Кирилл осторожно покосился на соседа, пораженный внезапной витиеватостью его речи. Впрочем, на Илону шекспировские мотивы не произвели ни малейшего впечатления. Подкатившись к кровати Кастета, она выставила в ряд на его тумбочке два пластиковых стаканчика с таблетками.

— Это сейчас, а это сразу перед сном. Ну а если ваши сердечно-глазные коллизии и в дальнейшем будут прогрессировать, Юрша, я, продолжив обозначенную вами же прогрессию, от глаз к сердцу, порекомендую главврачу отправить вас на обследование в гастроэнтерологию. Уверена, что промывание желудка вас если не исцелит, то охладит уж точно. Так, а это что? — Илона нахмурилась. А почему окно открыто? Юрша, что, опять?

— Илоночка… — брови Кастета мгновенно собрались беззащитным «домиком», — как вы можете! Я же весь вечер тут, соблюдая режим. Ну, то есть, в смысле, распорядок… Что, не верите? Ну, Кирюха, скажи ей! Эй!

Илона медленно обернулась к Кириллу.

— Ковалев?

— А? — Кирилл вздрогнул, с трудом оторвав взгляд от недостаточно быстро высыхающих потеков возле умывальника. — Что?

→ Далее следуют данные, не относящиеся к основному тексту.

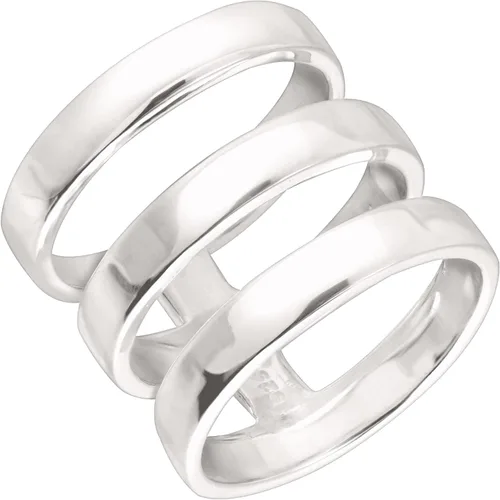 Miniatura 2 de Silpada Anillo de arte contemporáneo en plata de ley Plata de ley plata metal no conocido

— Почему открыто окно? — металлически отчеканила каждое слово Илона.

— Ах, окно… — он поежился. — А это я открыл. Костя говорил, что ему не хватает воздуха… — Кирилл скривился. Мерзкое ощущение, каждый раз сопровождающее ложь, всколыхнуло внутренности от низа живота вверх. — Мы весь вечер были тут. Вместе.

— Как мило… — взгляд медсестры не стал ни на градус теплее. — Ну что ж, здоровье пациентов почти всегда в руках самих пациентов.

— Ну вот как? — Кастет театрально раскинул ладони в стороны. — Как, ответьте мне, уживаются в вас и мудрость, и красота, несравненная Илоночка?

— Я сказала не всегда, а почти всегда, — обойдя кровать Кирилла, она отодвинула пластиковую шторку на стене, открыв несколько устрашающего вида медицинских приборов, напоминающих пульты управления советских ракетных комплексов из американских ретро-боевиков со Сталлоне, и полку с электродами. — И если я не ошибаюсь, — точным движением размотала связку проводов и обернулась, — а я не ошибаюсь, — Кириллу на мгновение показалось, что глаза медсестры злобно сверкнули. — Вам, Ковалев, вставать было запрещено.

— И что теперь? — Кирилл хмуро покосился на стену с приборами. — Электрический стул?

Тощий фыркнул, но тут же подавил смех, закрыв рот ладонью.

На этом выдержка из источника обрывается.